Le non-respect des contraintes imposées par la Réformation sur le long terme. — L’harmonie architecturale qui a pu exister dans les premières années de la Réformation a rapidement disparu. Le parcellaire s’est tout d’abord divisé, ce qui était favorisé par l’organisation de nombreuses maisons en plusieurs logis indépendants. Surtout, les maisons ont connu des exhaussements anarchiques, occasions de supprimer un certain nombre de pignons sur rue. Cela a contribué à obscurcir le quartier et à donner une impression d’encombrement, et posait particulièrement problème pour l’éclairage de certaines halles comme la Halle aux Draps, dont les fenêtres sont bouchées par de hautes maisons qui remplacent les échoppes basses. Toutefois, si ces transformations marquent l’échec partiel de la Réformation des Halles comme projet urbanistique, elles traduisent aussi le dynamisme du quartier, et donc un succès, quelque peu paradoxal, car ce n’était pas le premier objectif de François Ier.


Conclusion

Il semble donc que la Réformation des Halles ait été motivée certes par des questions financières, mais aussi par de réelles questions urbanistiques, ce que minimisait l’historiographie ; la monarchie a d’ailleurs eu des préoccupations architecturales, politiques voire même sociologiques pour mener à bien l’embellissement du quartier.

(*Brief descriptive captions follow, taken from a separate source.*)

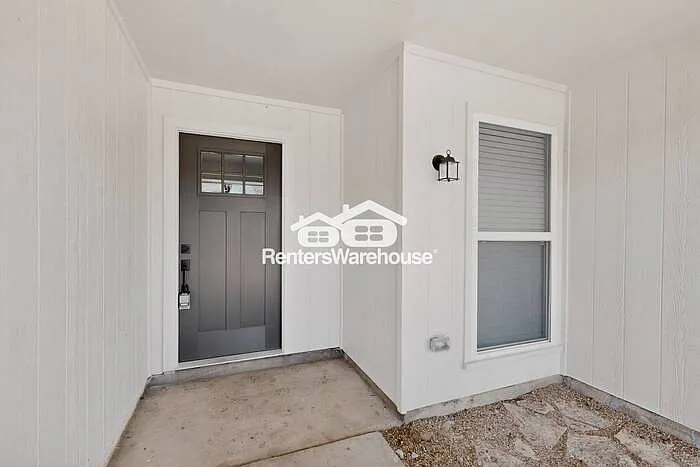 6529 Blue Grass Dr — Photo 4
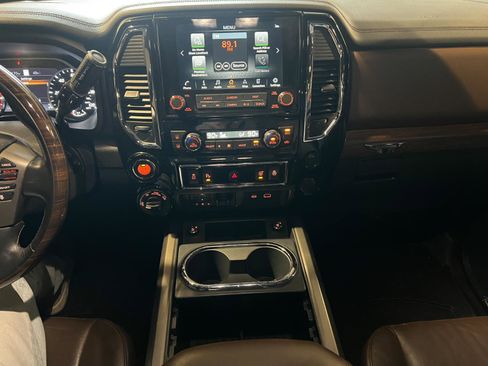 Used 2021 Nissan Titan Platinum Reserve w/ Moonroof Package image 16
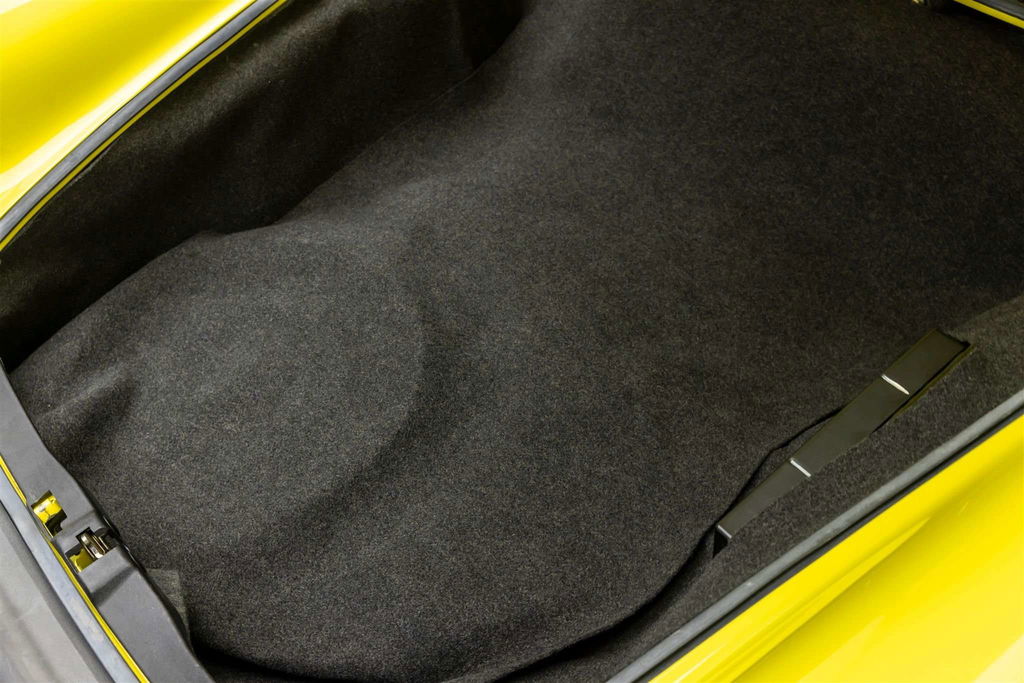 Porsche 911 Turbo 3.0 (US)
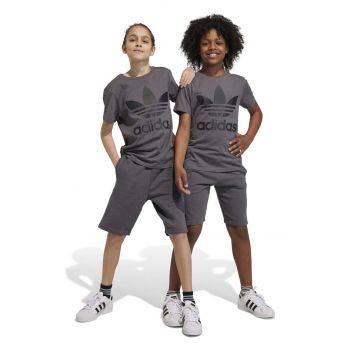 adidas Originals pantaloni scurti copii culoarea gri, cu imprimeu, talie reglabila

Les modalités de cette transformation ont été définies fermement par les souverains et se sont imposées aux acquéreurs, afin de créer un quartier conforme aux principes d’urbanisme de la Renaissance et du début du classicisme. Toutefois, face à une imparfaite adéquation entre les désirs de la monarchie et les intérêts des marchands, des adaptations ont été consenties, afin de permettre l’aboutissement de la Réformation. La vente des parcelles, bien que contrastée, paraît avoir été relativement rapide, surtout auprès de moyens et quelques gros marchands du textile et de la parure, en particulier des fripiers. La Réformation a effectivement été mise en œuvre : de vieux bâtiments et des fractions du gros mur d’enceinte ont été détruits, des rues droites et parallèles ont été percées, les maisons, échoppes et éléments des halles ont été édifiés par les acheteurs. Dès l’origine, quelques entorses ont été faites au « portrait » conçu par la monarchie, mais des alignements harmonieux voire parfois réellement uniformes ont été créés. Malgré cela, la Réformation des Halles n’a guère été reconnue tant par l’historiographie que par les contemporains, en raison de son imperfection mais aussi de la nouvelle sociologie des lieux. Elle a de plus été très éphémère, la césure des guerres de Religion favorisant les initiatives individuelles sans contrôle de la monarchie : l’ordonnance initiale disparaît assez rapidement sous l’effet de l’action anarchique des propriétaires, qui divisent le parcellaire et surtout exhaussent les constructions afin de rentabiliser l’occupation de l’espace, rendant ainsi aux Halles leur aspect sombre et étriqué. Mais ce relatif échec de l’ambition urbanistique de la monarchie est aussi la conséquence d’un succès de la Réformation, qui a rendu au quartier son dynamisme et son attractivité.


Annexes

Édition de vingt-quatre lettres patentes concernant la Réformation des Halles et les aliénations lancées par l’édit de Sainte-Menehould. — Édition d’un contrat d’adjudication. — Relevés de Gabriel Davioud. — Les Halles à travers les plans anciens de Paris.